Extending side $EF$ intersects the circle $\odot (ABC)$ at points $A_1$ and $A_2$. Similarly define the points $B_1,B_2,C_1,C_2$.
Prove that an ellipse $W$ can be inscribed into a hexagon formed by straight lines $DA_1,DA_2,FC_1,FC_2,EB_1,EB_2$ in which one of the foci coincides with the point $O$.
A homothetic argument would work well here; however this seems to not get me any place.
Best Answer
This is a partial answer. The OP asks for a proof that i) an ellipse $W$ can be inscribed and that ii) $W$ has a focus at $O$. I'll show that i) is a special case of a general theorem, but I don't have much to say about ii).

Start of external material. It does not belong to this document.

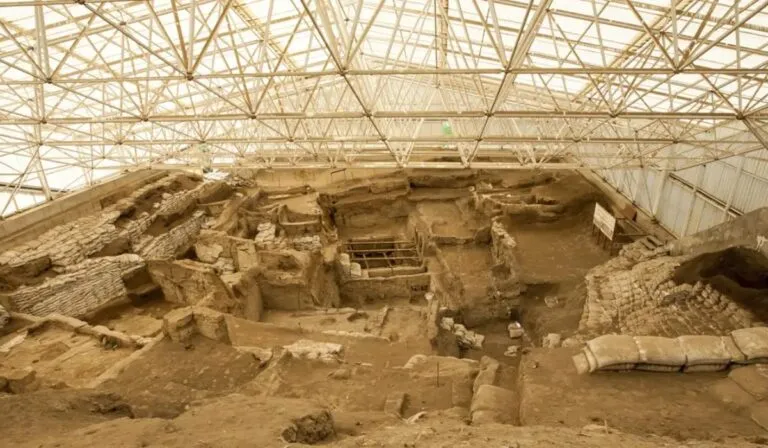 La “Casa de los Muertos”: hallazgo revela rituales de hace 7.500 años en Turquía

A corollary of Carnot's Theorem for conics states that for a triangle $ABC$ the points $A_1,A_2,B_1,\dots,C_2$ lie on a conic if and only if the lines $AA_1,AA_2,BB_1,\dots,CC_2$ touch a conic. See the figure above, screencapped from Szilasi, Two applications of the theorem of Carnot. As far as I can tell this corollary has been folklore for over a century, but lately it has been referred to as Bradley's Theorem.
Carnot's Theorem, its dual, and their converses are described and proven in Hatton, Projective Geometry (1913), pgs 186-188. Bradley's Theorem follows from these, and can be visualized by lining up and merging the two figures on pg 187 (shown below, screencapped from Hatton).
You can find more papers on the topic by using search terms like "Carnot's Theorem Conics Bradley". (Giving the corollary a name has made it easier to search the topic.)
The theorem relates to your question directly. Triangle $DEF$ in the question becomes triangle $ABC$ in the theorem. The circumcircle in your question becomes the conic that cuts the triangle (the dashed ellipse in the first figure above). In your question it cuts the sides outside the triangle, whereas in the figure it cuts inside, but this makes no difference.
As for ii) hopefully somebody else will answer. I tried one other inellipse and the conic $W$ in that case had foci distinct from the inellipse foci. So there is something special about starting from the Macbeath inellipse in this construction.